- Poster
- Directed by: Ramesh Balakrishnan
- Written by: Ramesh Balakrishnan Liaquat Ali Khan (dialogues)
- Produced by: Jothi Prasad
- Starring: Vijayashanti; Ramki; Indraja;
- Cinematography: S. V. Rajakishan Sagar
- Edited by: Banerji Rambabu
- Music by: Deva
- Production company: Maruthi Movie Makers
- Release date: 28 November 1997;
- Running time: 135 minutes
- Country: India
- Language: Tamil

= Thadayam =

Thadayam is a 1997 Indian Tamil language film directed by Ramesh Balakrishnan. The film stars Vijayashanti, Ramki and Indraja. It was released on 28 November 1997.

== Plot ==

Chandrasekhar alias Chandru, is a graduate but he cannot find a job so he often goes to jail for earning a living. He lives with his friend Jeeva. Jothi, a fearless criminal lawyer, fights against injustice.
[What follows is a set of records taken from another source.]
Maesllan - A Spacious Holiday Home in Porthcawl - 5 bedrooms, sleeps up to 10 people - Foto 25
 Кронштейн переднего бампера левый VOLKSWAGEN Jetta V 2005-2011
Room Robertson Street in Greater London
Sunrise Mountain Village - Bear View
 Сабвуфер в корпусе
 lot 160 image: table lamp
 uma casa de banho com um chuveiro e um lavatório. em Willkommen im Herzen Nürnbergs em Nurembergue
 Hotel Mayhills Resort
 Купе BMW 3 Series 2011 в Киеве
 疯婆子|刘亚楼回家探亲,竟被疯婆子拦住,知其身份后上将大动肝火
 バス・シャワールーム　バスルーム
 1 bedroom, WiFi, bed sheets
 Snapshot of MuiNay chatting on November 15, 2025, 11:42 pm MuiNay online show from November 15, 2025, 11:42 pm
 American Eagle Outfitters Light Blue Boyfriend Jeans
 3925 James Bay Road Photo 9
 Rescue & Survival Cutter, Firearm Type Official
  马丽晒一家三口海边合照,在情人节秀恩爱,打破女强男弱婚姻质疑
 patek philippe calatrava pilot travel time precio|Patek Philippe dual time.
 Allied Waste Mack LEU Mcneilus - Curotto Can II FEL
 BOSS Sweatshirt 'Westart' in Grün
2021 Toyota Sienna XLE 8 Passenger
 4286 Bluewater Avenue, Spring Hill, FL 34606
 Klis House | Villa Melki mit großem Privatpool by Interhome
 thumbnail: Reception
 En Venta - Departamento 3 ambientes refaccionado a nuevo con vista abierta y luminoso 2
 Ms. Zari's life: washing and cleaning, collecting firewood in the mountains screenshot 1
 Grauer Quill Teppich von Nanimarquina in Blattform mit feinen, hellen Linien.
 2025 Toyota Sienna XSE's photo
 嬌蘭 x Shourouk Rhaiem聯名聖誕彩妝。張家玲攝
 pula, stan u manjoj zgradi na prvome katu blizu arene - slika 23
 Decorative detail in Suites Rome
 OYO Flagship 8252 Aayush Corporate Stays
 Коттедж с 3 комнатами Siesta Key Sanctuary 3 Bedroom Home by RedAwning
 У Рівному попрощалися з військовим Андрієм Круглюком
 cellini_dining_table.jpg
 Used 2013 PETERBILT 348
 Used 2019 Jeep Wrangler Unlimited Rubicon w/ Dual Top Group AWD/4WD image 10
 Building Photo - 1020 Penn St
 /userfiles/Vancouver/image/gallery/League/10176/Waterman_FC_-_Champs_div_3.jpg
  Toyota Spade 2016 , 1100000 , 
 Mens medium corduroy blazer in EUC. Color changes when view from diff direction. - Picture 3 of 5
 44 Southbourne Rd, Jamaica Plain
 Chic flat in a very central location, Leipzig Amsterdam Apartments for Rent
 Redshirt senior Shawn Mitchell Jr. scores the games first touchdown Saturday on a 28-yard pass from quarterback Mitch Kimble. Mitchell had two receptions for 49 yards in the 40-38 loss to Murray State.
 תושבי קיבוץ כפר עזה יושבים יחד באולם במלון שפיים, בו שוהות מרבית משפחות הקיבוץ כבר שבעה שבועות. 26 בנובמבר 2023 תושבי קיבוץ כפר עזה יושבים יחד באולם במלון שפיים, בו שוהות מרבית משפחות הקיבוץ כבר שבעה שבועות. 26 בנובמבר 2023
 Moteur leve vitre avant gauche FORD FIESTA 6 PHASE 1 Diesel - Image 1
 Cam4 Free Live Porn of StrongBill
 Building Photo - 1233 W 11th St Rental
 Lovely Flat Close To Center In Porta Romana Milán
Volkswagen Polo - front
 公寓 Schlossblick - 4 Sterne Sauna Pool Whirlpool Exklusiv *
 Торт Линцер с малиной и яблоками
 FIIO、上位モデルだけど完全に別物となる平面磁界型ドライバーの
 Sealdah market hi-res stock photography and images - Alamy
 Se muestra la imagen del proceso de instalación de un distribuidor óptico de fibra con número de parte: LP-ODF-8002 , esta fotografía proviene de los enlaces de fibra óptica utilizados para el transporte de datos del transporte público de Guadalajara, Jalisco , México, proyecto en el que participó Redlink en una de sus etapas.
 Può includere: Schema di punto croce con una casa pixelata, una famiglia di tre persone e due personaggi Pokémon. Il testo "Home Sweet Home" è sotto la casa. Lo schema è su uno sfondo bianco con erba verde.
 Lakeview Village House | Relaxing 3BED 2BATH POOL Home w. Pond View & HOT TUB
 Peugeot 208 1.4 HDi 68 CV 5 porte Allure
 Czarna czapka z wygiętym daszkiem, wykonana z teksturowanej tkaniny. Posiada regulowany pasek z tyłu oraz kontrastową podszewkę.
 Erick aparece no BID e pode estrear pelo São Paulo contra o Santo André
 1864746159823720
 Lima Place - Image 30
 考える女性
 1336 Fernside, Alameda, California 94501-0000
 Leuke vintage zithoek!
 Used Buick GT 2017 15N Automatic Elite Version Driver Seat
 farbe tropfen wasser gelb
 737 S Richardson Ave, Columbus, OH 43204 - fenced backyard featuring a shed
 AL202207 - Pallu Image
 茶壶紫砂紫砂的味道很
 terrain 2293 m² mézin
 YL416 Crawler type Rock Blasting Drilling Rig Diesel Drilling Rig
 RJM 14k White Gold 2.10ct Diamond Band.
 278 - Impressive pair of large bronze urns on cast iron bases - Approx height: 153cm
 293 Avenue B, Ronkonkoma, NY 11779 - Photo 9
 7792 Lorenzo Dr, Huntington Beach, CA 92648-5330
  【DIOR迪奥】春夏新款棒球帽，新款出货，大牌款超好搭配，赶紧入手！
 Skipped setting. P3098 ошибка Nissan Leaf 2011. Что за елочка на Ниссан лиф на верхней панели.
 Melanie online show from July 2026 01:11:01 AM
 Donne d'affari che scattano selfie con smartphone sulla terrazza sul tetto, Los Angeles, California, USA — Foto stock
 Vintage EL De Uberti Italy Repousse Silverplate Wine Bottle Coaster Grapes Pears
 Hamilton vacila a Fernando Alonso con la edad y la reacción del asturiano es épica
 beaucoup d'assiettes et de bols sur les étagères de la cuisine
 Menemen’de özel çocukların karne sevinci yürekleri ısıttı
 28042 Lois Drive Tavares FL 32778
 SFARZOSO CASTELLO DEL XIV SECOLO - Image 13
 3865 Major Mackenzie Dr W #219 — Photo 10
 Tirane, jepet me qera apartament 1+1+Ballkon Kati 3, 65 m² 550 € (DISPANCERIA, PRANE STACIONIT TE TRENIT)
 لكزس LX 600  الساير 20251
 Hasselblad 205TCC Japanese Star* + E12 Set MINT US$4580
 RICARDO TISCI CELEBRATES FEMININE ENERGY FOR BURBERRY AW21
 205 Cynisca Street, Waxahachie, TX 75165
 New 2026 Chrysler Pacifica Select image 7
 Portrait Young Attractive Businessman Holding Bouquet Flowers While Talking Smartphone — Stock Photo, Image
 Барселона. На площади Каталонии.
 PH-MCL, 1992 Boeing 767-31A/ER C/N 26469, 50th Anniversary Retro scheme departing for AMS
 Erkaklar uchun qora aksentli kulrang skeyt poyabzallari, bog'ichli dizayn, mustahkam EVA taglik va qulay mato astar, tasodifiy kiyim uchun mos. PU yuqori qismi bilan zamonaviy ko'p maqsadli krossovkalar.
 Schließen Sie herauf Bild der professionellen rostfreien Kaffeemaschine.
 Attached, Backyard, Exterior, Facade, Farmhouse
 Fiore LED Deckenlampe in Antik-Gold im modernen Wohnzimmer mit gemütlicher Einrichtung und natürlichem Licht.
Chandru falls in love with Devi while Jothi is in love with Chandru.

== Soundtrack ==
The soundtrack was composed by Deva.

| Song | Singer(s) | Lyrics | Duration |
| "Kaadhalane" | Swarnalatha | Vaasan | 5:03 |
| "Luck Luck" | Vadivelu | Vaali | 5:09 |
| "Oh Poornima" | P. Unni Krishnan, K. S. Chithra | 4:59 |
| "Oh Thevathaye" | P. Unni Krishnan | Ponniyin Selvan | 5:22 |
| "Velli Velli" | Mano, Amrutha | Vaali | 5:05 |

==Reception==
K. N. Vijiyan of New Straits Times wrote, "Those who like court scenes and Vijayasanthi would like Thadayam".